Factors that decrease the abundance or functioning of neutrophils, such as chemotherapy (induces neutropenia), corticosteroids, acidosis and hyperglycemia, increase the risk of developing mucormycosis [5]. Other conditions and factors that hamper the immune response to fungi include acidosis and hyperglycemia which hinder the ability of phagocytes to kill fungi and corticosteroids which prevent the ability of macrophages to stop germination [9]. Actions that result in better outcomes include early recognition and appropriate treatment along with reversal of acidosis (if it applies).
Prevention
To prevent risk of mucormycosis infection, immunosuppressants, such as corticosteroids, should be used sparingly and patients should control their diabetes. Physicians and hospitals should use appropriate rooms equipped with high-efficiency particulate air (HEPA) filters and patients with immunosuppressive conditions should use masks [5].
Summary
Several different fungal species in the order Mucorales may cause murcormycosis infections. The organisms most commonly associated with murcormycosis infection are Rhizopus. Other disease causing genera include Mucor, Cunninghamella, Apophysomyces, Absidia, Saksenaea and Rhizomucor [1] [2]. Mucormycosis infections are serious and in most cases life-threatening with disorders such as diabetic ketoacidosis and neutropenia present in most cases. Patients commonly present with severe infection of the facial sinuses which may extend to the brain (rhino-orbito-cerebral). Other infections, including pulmonary, cutaneous, gastrointestinal (GI) and disseminated, are also observed. Effective treatment of murcormycosis requires rapid correction of underlying risk factors, administration of antifungals (liposomal amphotericin B) and aggressive surgery.
Patient Information
Mucormycosis is a serious and sometimes life-threatening fungal infection that may affect the sinuses, brain, lungs and skin.
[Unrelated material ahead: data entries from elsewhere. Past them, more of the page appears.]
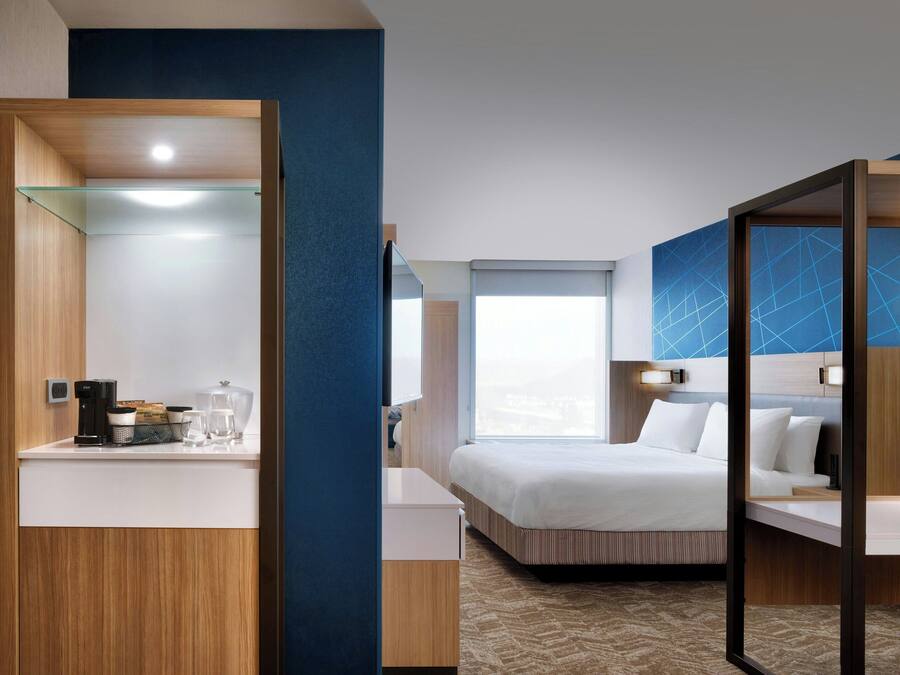 Habitación de hotel moderna con cama, mesita de noche, espejo y ventana.
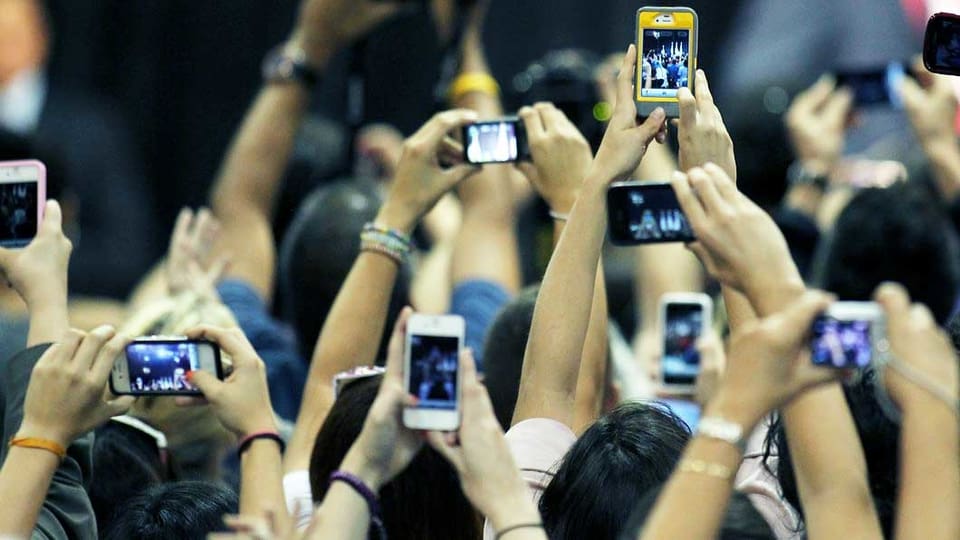 Viele Hände halten ein Smartphone in die Luft und filmen.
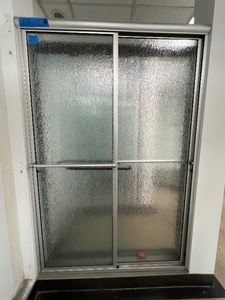 Shower Slider features an Euro Style rounded header with obscure glass doors, inner and outer towel bars... approx 48 W X 71 H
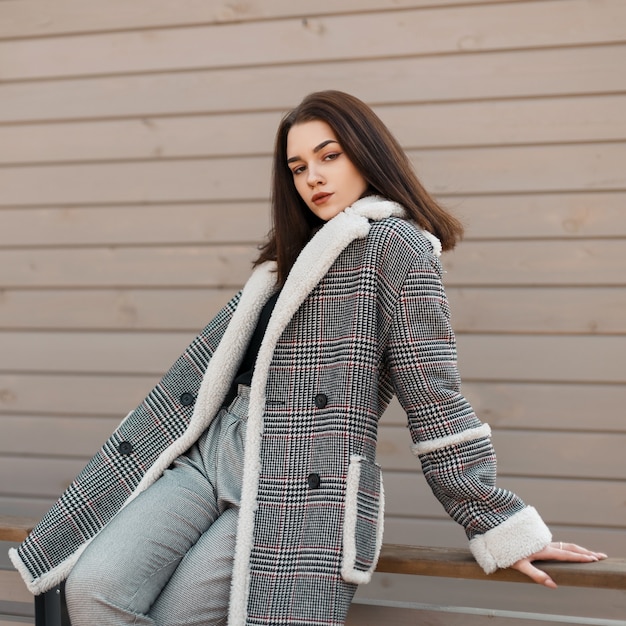 Ragazza alla moda in abiti di moda vicino a una parete in legno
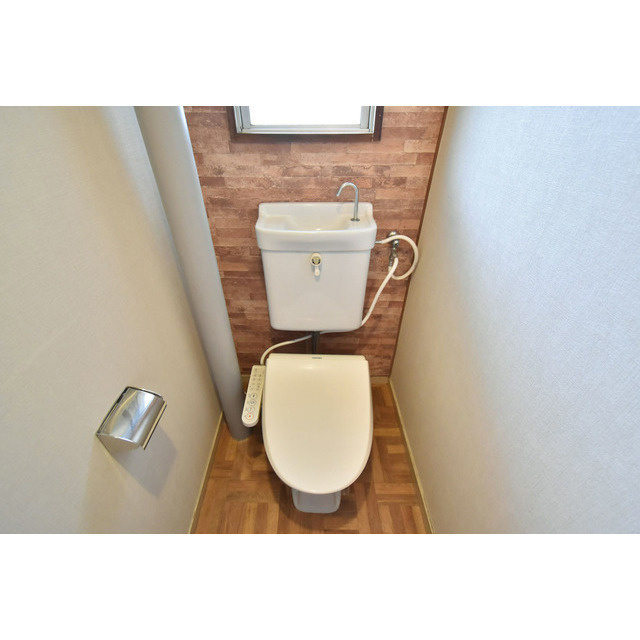 セキレイマンション久留米のトイレ|落ち着いた色調のトイレです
The fungi that cause mucormycosis are often found in soil, decaying plants and compost and can enter the body through cuts or inhalation. Once the fungus enters the body it can spread quickly. Individuals with healthy immune systems often destroy and eliminate the fungus, however, if the immune system is weak the fungus may go on to cause a severe infection. Symptoms of mucormycosis infection include fever, facial pain, swollen eyes, redness of skin over sinuses, bloody cough, shortness of breath, abdominal pain, vomiting blood, pain on side of the body between upper abdomen and back and a skin infection that starts with blisters and later becomes tender, red, swollen and black in the center.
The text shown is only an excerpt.